Aucun incident n'avait été constaté en fin d'après-midi, mais la police de Bruxelles a procédé à 218 arrestations préventives, essentiellement de personnes en possession d'objets pouvant être dangereux.

Les manifestants venaient surtout de Belgique et de France, mais aussi de Pologne, de Slovaquie ou d'Allemagne.

«Nous sommes ici pour dire au monde qu'il doit ralentir sur les économies», a indiqué à l'AFP Markus Machmik, 45 ans dont 28 de travail dans les mines, venu de la Ruhr allemande avec une centaine de collègues tous vêtus de blanc, en bottes et portant leurs casques de travail.

«Il ne faut pas ajouter à la crise financière une crise sociale sans précédent dont les salariés paieraient le prix», a dénoncé pour sa part le secrétaire général du syndicat français CGT, Bernard Thibault.

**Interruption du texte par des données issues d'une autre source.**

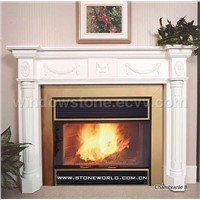 Hand Carved Home Decoration Fireplace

Depuis la crise de la dette, la plupart des gouvernements appliquent des mesures d'économies et des réformes difficiles comme celles des retraites pour réduire leurs déficits.

Ces mesures «vont avoir un effet désastreux sur les individus et sur l'économie», dénonce John Monks, secrétaire général de la Confédération européenne des syndicats (CES) qui organisait la manifestation. «Les travailleurs sont dans les rues aujourd'hui avec un message clair pour les dirigeants de l'Europe: il est encore temps de ne pas choisir l'austérité.»

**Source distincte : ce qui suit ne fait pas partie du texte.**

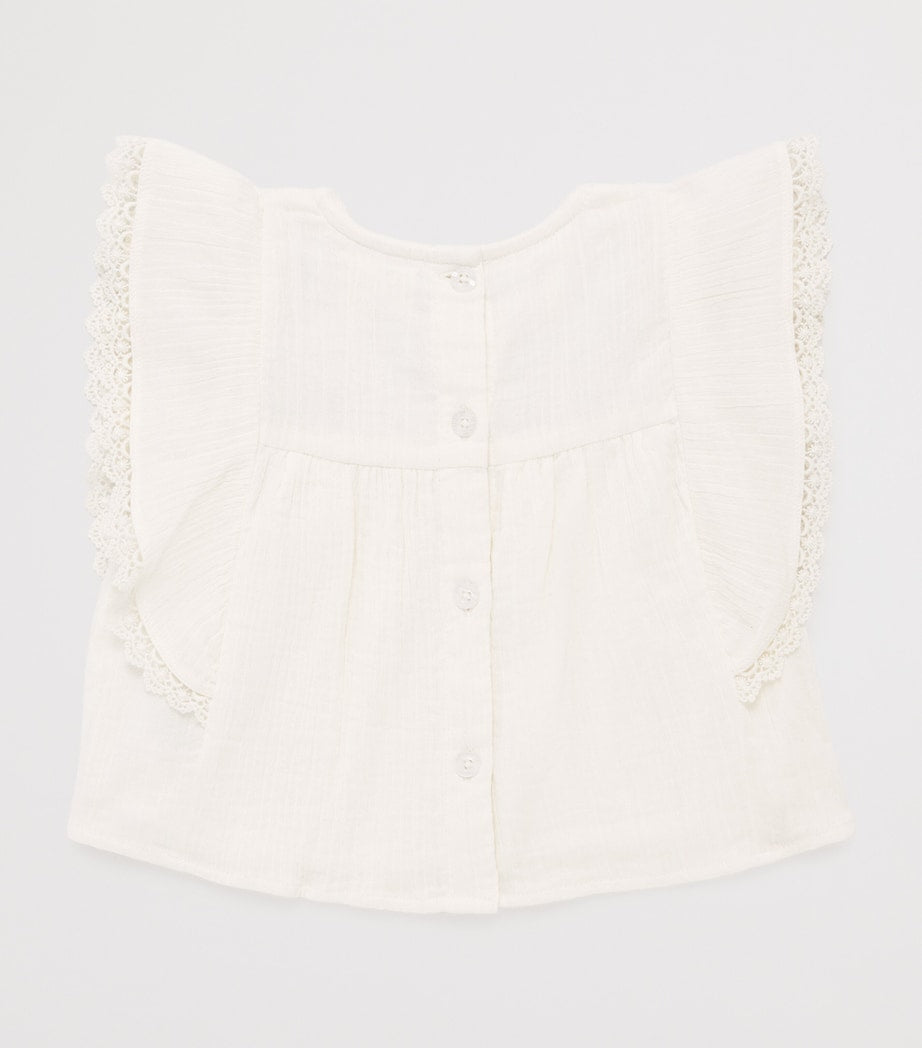 Louise Misha cotton embroidered Malya blouse 6-24 months, UK version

La Commission européenne a présenté justement mercredi des mesures pour punir les pays européens qui laissent trop dériver leurs finances.

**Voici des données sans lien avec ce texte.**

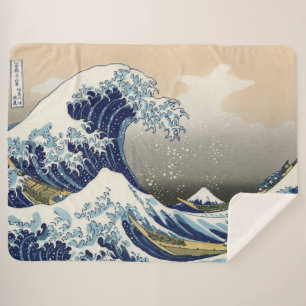 Couverture Sherpa Grande vague au large de Kanagawa   Hokusai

«Les propositions que nous sommes en train de faire sont les meilleures pour la défense des travailleurs eux-même. Quand il faut payer les intérêts de la dette, on ne peut pas payer les politiques sociales», a fait valoir son président, José Manuel Barroso.

Mercredi était aussi une journée d'action dans plusieurs pays européens, à commencer par l'Espagne, en grève générale pour protester contre une réforme du marché du travail qui facilite les licenciements.

L'un des deux principaux syndicats du pays, l'UGT, a assuré que la grève était suivie «à plus de 70%» et par plus de 10 millions de salariés dans le pays. Mais le gouvernement s'est félicité de «l'absolue normalité» de l'activité économique.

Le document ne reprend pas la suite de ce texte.